Mon, 21 Jan 2013

Profiling and behavior testing of processes and daemons, and Devopsdays NYC

Profiling a process run

I wanted the ability to run a given process and get
a plot of key metrics (cpu usage, memory usage, disk i/o) throughout the duration of the process run.
Something light-weight with minimal dependencies so I can easily install it on a server for a one-time need.
Couldn't find a tool for it, so I wrote profile-process
which does exactly that in <100 lines of python.

black-box behavior testing processes/daemons

I wrote simple-black-box to do this.
It runs the subject(s) in a crafted sandbox, sends input (http requests, commands, ...)
and allows to make assertions on http/statsd requests/responses, network listening state, processes running, log entries,
file existence/checksums in the VFS/swift clusters, etc.
Each test-case is a scenario.
It also can use logstash to give a centralized "distributed stack trace" when you need to debug a failure after multiple processes interacting and acting upon received messages; or to compare behavior across different scenario runs.
You can integrate this with profile-process to compare runtime behaviors across testcases/scenarios.

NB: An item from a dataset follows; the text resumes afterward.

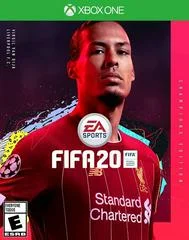 Carátula de FIFA 20 [Champions Edition]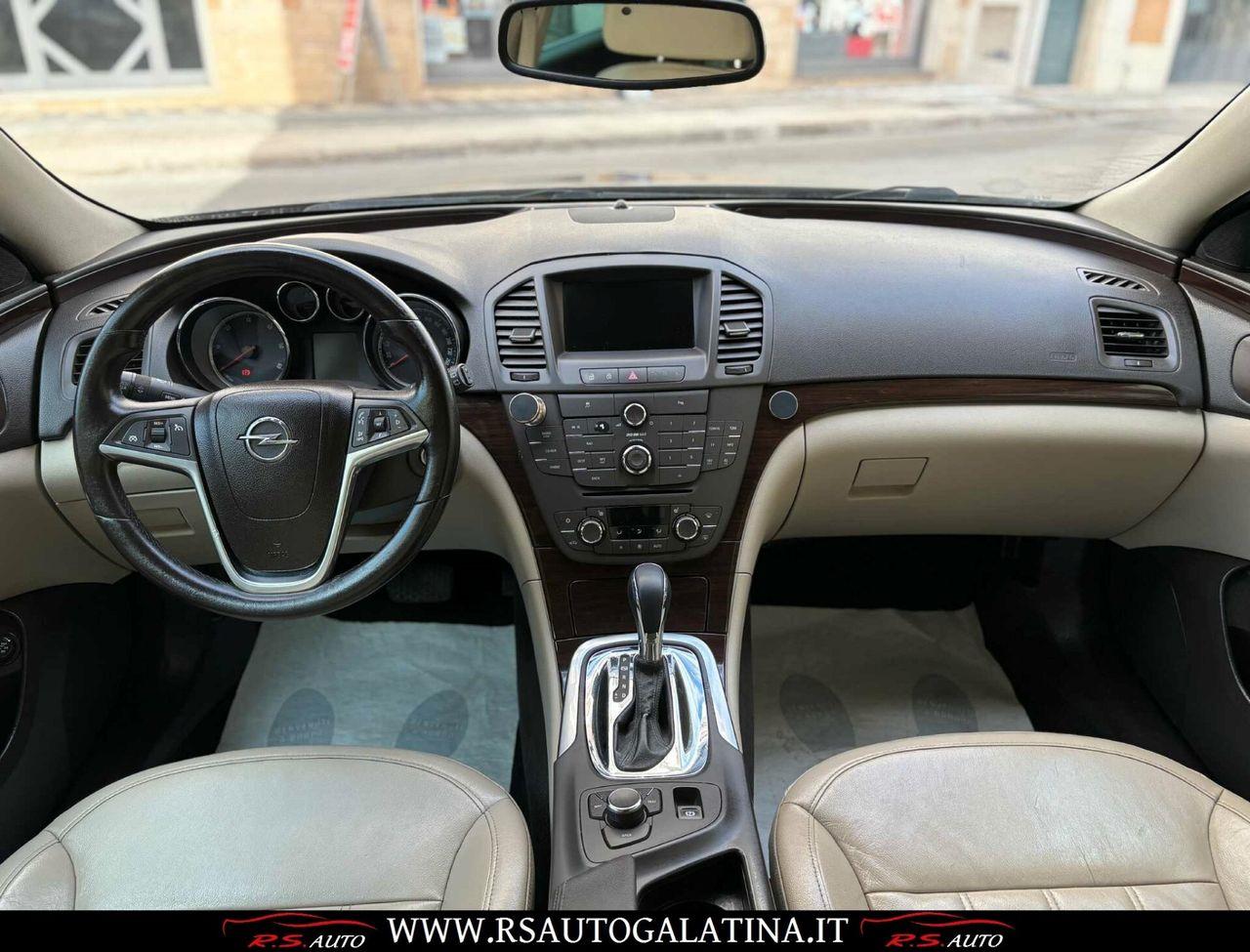 Opel Insignia 2011 — photo 5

Simple-black-box talk @ Devopsdays NYC

I did a quick 5min talk, despite some display/timing issues it was well received. (in particular I got some really positive feedback from one person and still wonder if that was a recruiter attempting to hire me -but being shy about it...- it was quite awkward)
slides
raw uncut video. Go to 'New York, January 18th, 2013' from 02:36:25 to 02:41:15

More random thoughts about Devopsdays NYC

  • I'm getting tired of people on stage making a big revelation out of adding an index to a database column. This happens too often at web-ops/devops conferences, it's embarrassing. But at least it's not like the "how we made our site 1000x faster"-style Velocity talks that should have been named "caching and query optimization for newbies"
  • Paperless post confirms again they got their act together and keeps us up to date with their great work. Follow them.
  • Knights of the Provisioning Round Table - Bare Metal Provisioning was mostly (to my surprise) 4 individuals presenting their solution instead of a real round-table, but (to my surprise again) they were not as similar/repetitive as I expected and the pros/cons of all solutions were compared more in depth than I dared to hope. I covered dell crowbar before and like it, though I wonder when this thing is actually gonna be reliable.
  • Dave Zwieback and John Willis gave hilarious talks
  • Tried to start an open space discussion around collaboration patterns and anti-patterns, which I think is a very interesting subject, because how individuals in a team collaborate is crucial to success, but yet very little is written about it (that I could find). I would hope we can distill the years of aggregate experience of people into concise patterns and anti-patterns and document how (not) well they work for development styles (such as agile/scrum), team size, company structure/hierarchy, roadmap/technical debt pressure, etc. And especially in light of any of these things changing, because I've found people can be very change-resistive.
  • DevOps At Obama for America & The Democratic National Committee was good, I thought it would be a rehash of what was said at Coding Forward New York City: Meet the Developers Behind the Obama Campaign but there were a bunch of interesting insights about state of the art technology in here (mostly Amazon stuff)
  • A bunch of talks where the same could have been said in half the time, or less
Random thoughts about some sponsors:
  • Librato is quite cool. It's basically how my open source tool graph-explorer would look like after finishing a bunch of TODO's, combining it with graphite, polishing it all up, and offering it as a hosted solution. I find it interesting if this is a successful business with only such a limited scope
  • Even cooler is datadog. It goes beyond just metrics and doesn't just provide hosted graphing, it provides a solution for a philosophy that aims for a centralized insight of all your operational data, related collaboration and prioritized alerts that are to the point. They get a lot of things right, the open source world has some catching up to do
Interesting that both use Cassandra and free-form tags for flexibility, validating the approach I'm taking with graph-explorer. Now Graphite could use a distributed metrics storage backend over which one can do map-reduce style jobs to gather intelligence from metrics archives (maybe based on Cassandra too?), but that's another story.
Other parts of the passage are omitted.